The concept of correction of the SDQT values replicated the intra-subject regressions-based corrections of QT, JT, and JTp intervals for the underlying heart rate (Garnett et al., 2012; Panicker et al., 2018; Hnatkova et al., 2019). Since the intra-subject spreads of the data were rather wide (see examples in Figures 1, 2) we have not attempted to use any curvilinear regressions (Malik et al., 2012b) and used linear regression as the least biased approach. Contrary to the QT heart rate correction that, by the usual definition, estimates the duration of the QT interval at RR interval of 1 s, we used corrections estimating the SDQT values at the zero level of SDRR and/or zero level of ECG morphological variability. Possibly, similar corrections might be used in future studies of QT variability if, for some reason, multivariable regressions also involving heart rate variability and ECG signal-to-noise ratio do not appear appropriate.

It is not surprising that we found increased ECG morphological variability during faster heart rates (see Figure 7). It is thus possible that previous observations of increased QT variability at faster heart rates (Hnatkova et al., 2013) were influenced by measurement bias. The relationship between heart rate and QT variability also explains the somewhat counterintuitive observation of the negative correlation between QT interval duration and QT variability (see Figure 7). As heart rate increases, uncorrected QT interval decreases which leads to this somewhat unexpected observation. Since it has been observed that faster heart rates lead to increased morphological variability, it remains challenging to investigate whether short-term SDQT is influenced by autonomic conditions independently of the autonomic influence on SDQT measurement accuracy.

Limitations

The limitations of our study also need to be considered. While a number of previous QT variability studies used longer ECGs, we analyzed 10-s ECG segments since these are more relevant for practical purposes. We are unable to comment on whether the very same observations would be obtained with longer recordings. Nevertheless, since every longer ECG recording is, in principle, a series of shorter ECG segments, it is unlikely that with longer recordings, our observations would be principally different. The investigated population included neither very young nor very old subjects. The investigations of the relationship to age were therefore limited to the available age ranges. Finally, since the study data were obtained from clinical pharmacology investigations in healthy subjects, we are unable to comment on whether the same results would have been found if researching populations with clinically well-defined pathological characteristics. Nevertheless, our observations on the influence of recording quality and morphological instability still have implications for clinical investigations since anecdotal experience from clinical investigations suggests that poorer ECG quality is related to worsened outcomes.

Conclusion

Despite these limitations, the study shows that the concept of immediate RR interval effect on the duration of subsequent QT interval duration is questionable since the beat-to-beat QT interval variability is little dependent on the underlying RR interval variability. Importantly, the analyzed data provide substantial evidence that even if only stable beat-to-beat measurements of QT interval are used, the QT interval variability is still substantially influenced by morphological variability and noise pollution of the source ECG recordings. The quality and signal-to-noise ratio thus needs to be carefully considered in future studies of QT interval variability.
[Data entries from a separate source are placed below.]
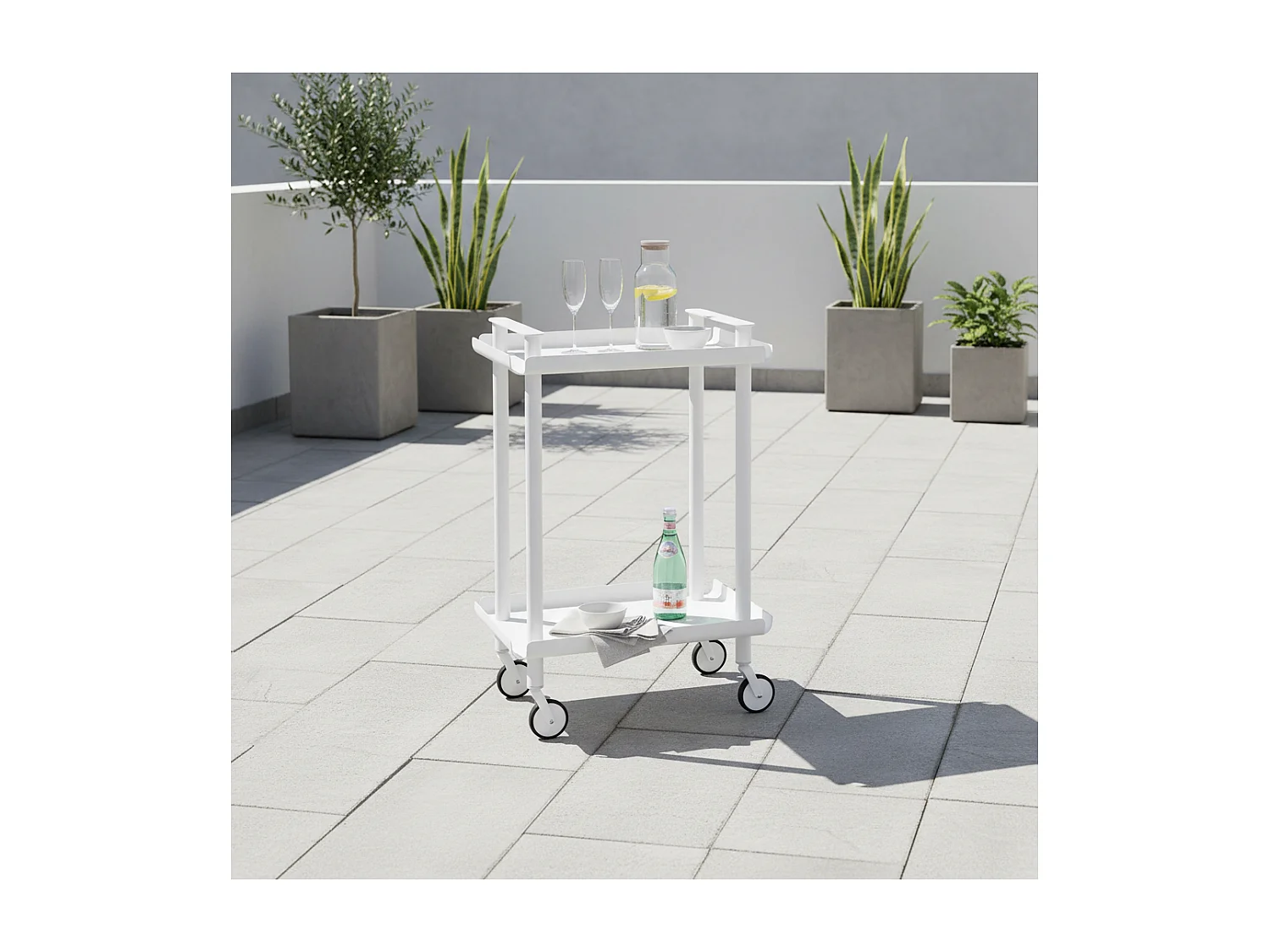 DON HIERRO - Carrito auxiliar LEKY, armazón blanco, 2 estantes. Multifuncional, práctico y decorativo-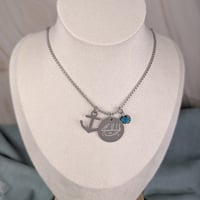 Image 4 of Waves of the same sea Bahá'í Necklace Quote Stainless Steel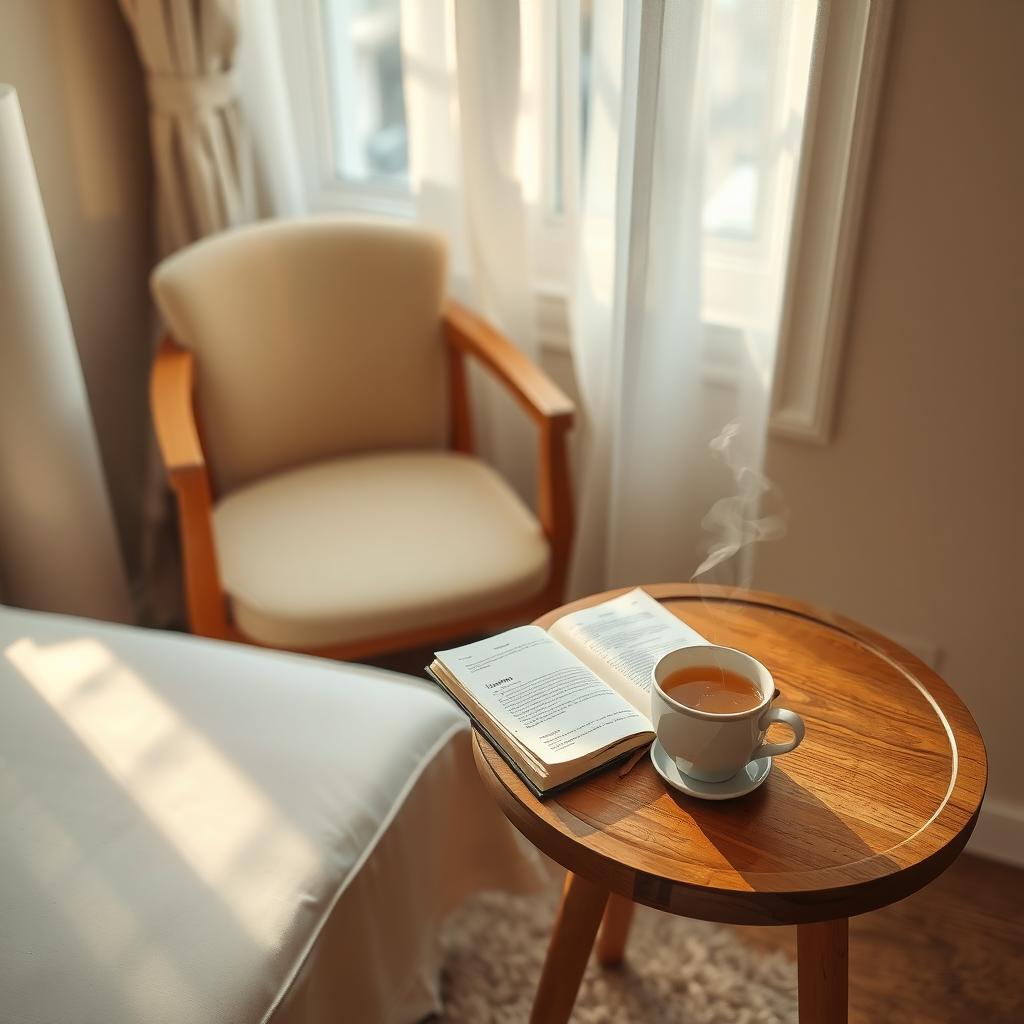 A cozy room with a journal and tea on a table, symbolizing reflection during fertility treatments.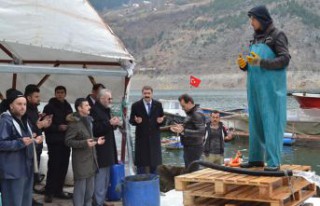 Kaymakam Karakaş, alabalık hasadına katıldı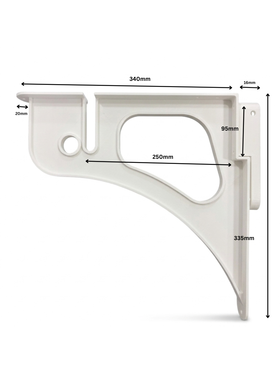 Wardrobe Shelf Bracket | Matt White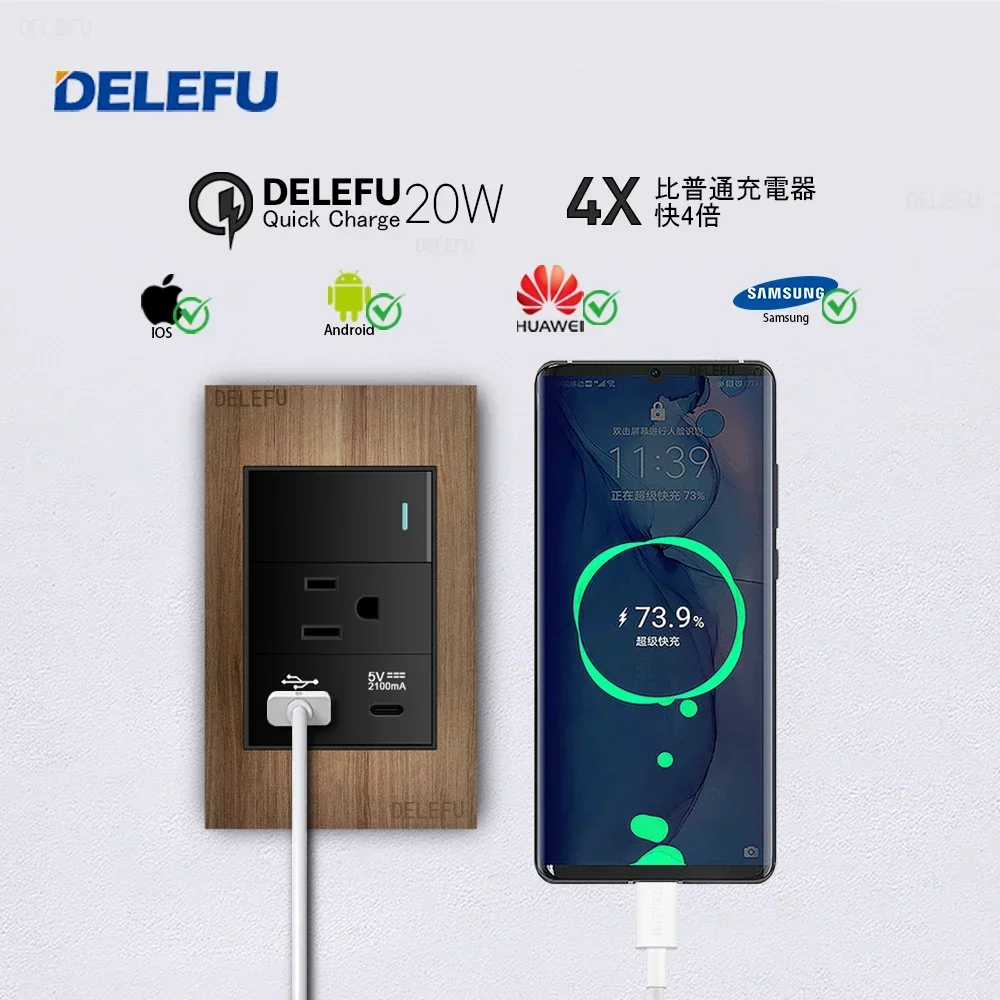 Delefu Aluminium Zoals Hout Usb Type C Us Standaard Stopcontact Mexico America Stekker 118*72Mm Stopcontact Stopcontact Schakelaar Snel Opladen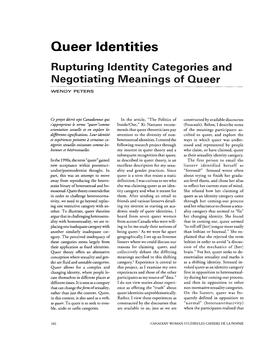 Queer Identities Rupturing Dentity Categories and Negotiating Meanings of Oueer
Data Availability Statement

The raw data supporting the conclusions of this article will be made available by the authors, without undue reservation but pending the approval by the sponsors of the source clinical studies.

Ethics Statement

The studies involving human participants were reviewed and approved by Parexel in Baltimore, California Clinical Trials in Glendale, and Spaulding in Milwaukee. The patients/participants provided their written informed consent to participate in the source clinical studies.

Author Contributions

IA, KH, MM, and OT: study design and initial manuscript draft. KH and MM: software development and statistics and figures. GS, IA, KMH, MŠ, OT, PB, PS, and TN: ECG interpretation and ECG measurement. GS, TN, OT, and PS: supervision of the measurements. GS, MM, and TN: quality control of the measurements. All authors approved the final manuscript of the submission.

Funding

This work was supported in part by the British Heart Foundation New Horizons Grant NH/16/2/32499, by Ministry of Health, Czech Republic, Conceptual Development of Research Organization (Grant FNBr/65269705), and by the Specific Research of Masaryk University MUNI/A/1450/2021.

Conflict of Interest

The authors declare that the research was conducted in the absence of any commercial or financial relationships that could be construed as a potential conflict of interest.

Publisher's Note

All claims expressed in this article are solely those of the authors and do not necessarily represent those of their affiliated organizations, or those of the publisher, the editors and the reviewers. Any product that may be evaluated in this article, or claim that may be made by its manufacturer, is not guaranteed or endorsed by the publisher.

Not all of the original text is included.